Biggart too accepts the risks around controlling increasingly advanced AI and machine learning models. He says: “In future, management will need to understand the techniques used to build these models and learn new ways to rapidly fix a failing version if they are to exercise any semblance of control.”

Humans welcome

This shortcoming shows it’s important for trading firms to recognise the limits of AI and machine learning technology – not only to gauge best application, but also which tasks still need to be done by humans.

As Patel says: “Market making and broader electronic trading is an area where we’re seeing heavy application of algorithmic approaches that are to some degree autonomous. That’s going to be considerably transformed, I would argue, because the multitude of liquidity sources that can be accessed in real time makes for a meaningful shift in trading, as opposed to relying on a voice broker to talk to three or four counterparties.
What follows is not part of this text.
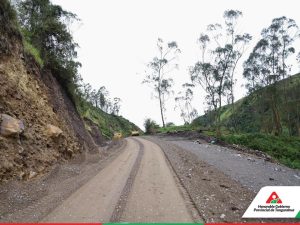 Avance en obras de la vía intercomunitaria Quisapincha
“Higher value-add tasks – such as investment strategy and portfolio construction over longer horizons – are areas where we are not nearly ready to deploy these systems. You could not replace a strategist with these tools because, to the regulator’s point, the tools don’t know anything about what happens in a rising inflation marketplace where equities are considered overvalued and yet bonds are about to burst because of rising rates. This kind of context is very much the place where human intervention and practitioner insight is essential.”

Data issues

AI and machine learning problems also illustrate how trading firms could optimise the technology by sourcing and developing better data to drive systems. Patel says: “I believe the biggest acceleration with this technology will result from larger quantities of data being available, and they are becoming available. We need a long enough history to be able to train AI engines.”
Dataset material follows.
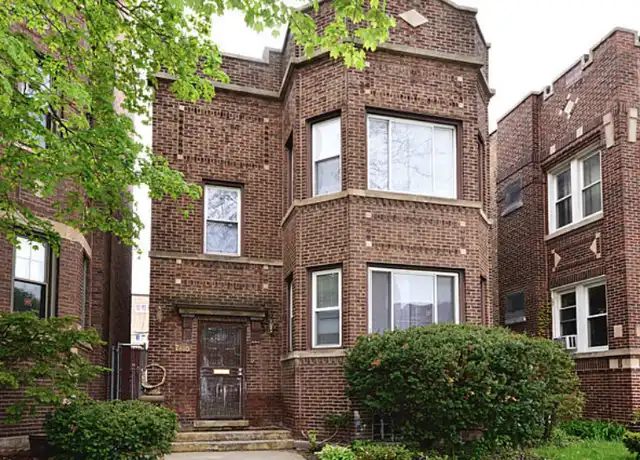 Property at 7810 S East End Ave #2, Chicago, IL, 60649, 2 beds, 1 bath, [object Object]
That said, some machine learning applications can operate with less source data. Patel says: “For certain use cases, six months of history is all you need. For example, in asset servicing, if you want to use automation to eliminate inefficiencies of manual reconciliations and error handling, being able to do that doesn’t require substantial amounts of history.

“In electronic trading there are rich datasets even from six months of history. If that data is captured at a millisecond level or as tick-by-tick information, it can lend itself to machine learning where you start to exploit arbitrage opportunities across, say, different liquidity venues. For market makers that becomes fairly attractive.”
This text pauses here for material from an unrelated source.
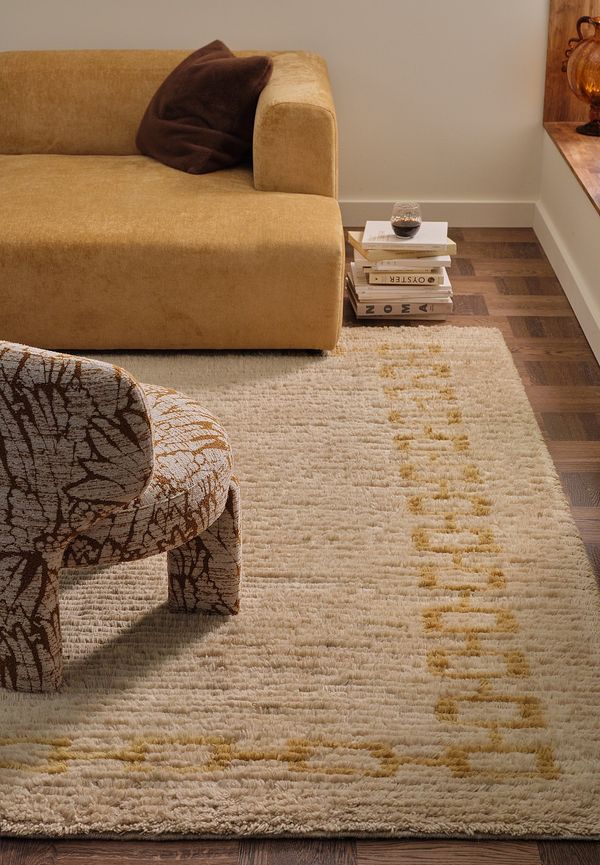 Riktigt snygg ellos home matta i vit färg gjord i ull.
Biggart suggests there are solutions to the ‘learning’ problems with machine learning systems and their apparent lack of auditability. He says: “AI does suffer from the weakness that as it learns from history then it is only as good as the history is. However, humans are very similar in as much as Generals always try to fight the last war and not the next one. There are various technical responses, one of which is to fit your data to longer periods. This is very similar to the challenge in credit of measuring point in time probabilities of default (PDs) versus through the cycle PDs.”

He also says machine learning systems are auditable, if you use the right tools, but notes that management may not be readily able to interpret audit answers or ask the complex questions that might give weight to changing models.

Business benefit

Securing benefit and avoiding risk often boils down to using AI and machine learning systems that have been primed with the right quantity and quality of data. According to the AI experts, there is a good choice of sufficiently advanced, off-the-shelf and specialist technology tools available for trading firms to get active in this area, although they may have to invest in human resource to put them in place.

The bottom line is that there are AI and machine learning uses cases, potential applications, and enough benefits to push the start button. Biggart says: “At the moment, the challenge for all banks is getting superior returns to their competitors in the next recession. It has been 10 years since the last recession, the next one will come soon. AI can help.” Korada concludes: “Trust me, anything that can be automated will be automated. It’s just a matter of time.”